Scan the records for "with". Show the matching lines.

(Brief descriptive captions)
- Opening Delimiter -
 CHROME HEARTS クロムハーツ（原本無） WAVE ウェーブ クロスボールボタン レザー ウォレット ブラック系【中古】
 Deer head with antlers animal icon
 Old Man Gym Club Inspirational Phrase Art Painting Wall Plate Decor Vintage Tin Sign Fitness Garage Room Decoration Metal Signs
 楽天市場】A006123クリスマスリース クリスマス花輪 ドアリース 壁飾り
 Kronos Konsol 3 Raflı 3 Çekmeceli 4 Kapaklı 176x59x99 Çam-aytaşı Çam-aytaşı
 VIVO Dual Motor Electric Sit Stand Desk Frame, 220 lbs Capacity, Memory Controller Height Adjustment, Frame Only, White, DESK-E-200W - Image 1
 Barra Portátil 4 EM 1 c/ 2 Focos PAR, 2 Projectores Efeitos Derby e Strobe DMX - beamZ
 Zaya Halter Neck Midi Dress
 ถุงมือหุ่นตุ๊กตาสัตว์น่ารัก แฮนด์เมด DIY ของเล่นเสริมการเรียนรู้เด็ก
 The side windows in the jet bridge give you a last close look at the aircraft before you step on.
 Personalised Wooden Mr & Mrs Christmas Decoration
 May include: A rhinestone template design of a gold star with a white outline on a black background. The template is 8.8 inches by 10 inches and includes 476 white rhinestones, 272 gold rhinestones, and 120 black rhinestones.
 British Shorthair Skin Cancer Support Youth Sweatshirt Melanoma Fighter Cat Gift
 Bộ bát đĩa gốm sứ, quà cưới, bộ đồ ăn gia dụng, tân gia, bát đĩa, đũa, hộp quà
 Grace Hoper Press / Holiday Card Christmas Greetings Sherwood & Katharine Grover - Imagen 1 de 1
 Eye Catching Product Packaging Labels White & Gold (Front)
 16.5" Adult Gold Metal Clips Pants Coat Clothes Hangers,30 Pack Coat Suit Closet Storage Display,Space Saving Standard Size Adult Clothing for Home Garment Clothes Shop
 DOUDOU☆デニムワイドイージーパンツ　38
- Closing Delimiter -
## TASK RESPONSE
 Deer head with antlers animal icon
 May include: A rhinestone template design of a gold star with a white outline on a black background. The template is 8.8 inches by 10 inches and includes 476 white rhinestones, 272 gold rhinestones, and 120 black rhinestones.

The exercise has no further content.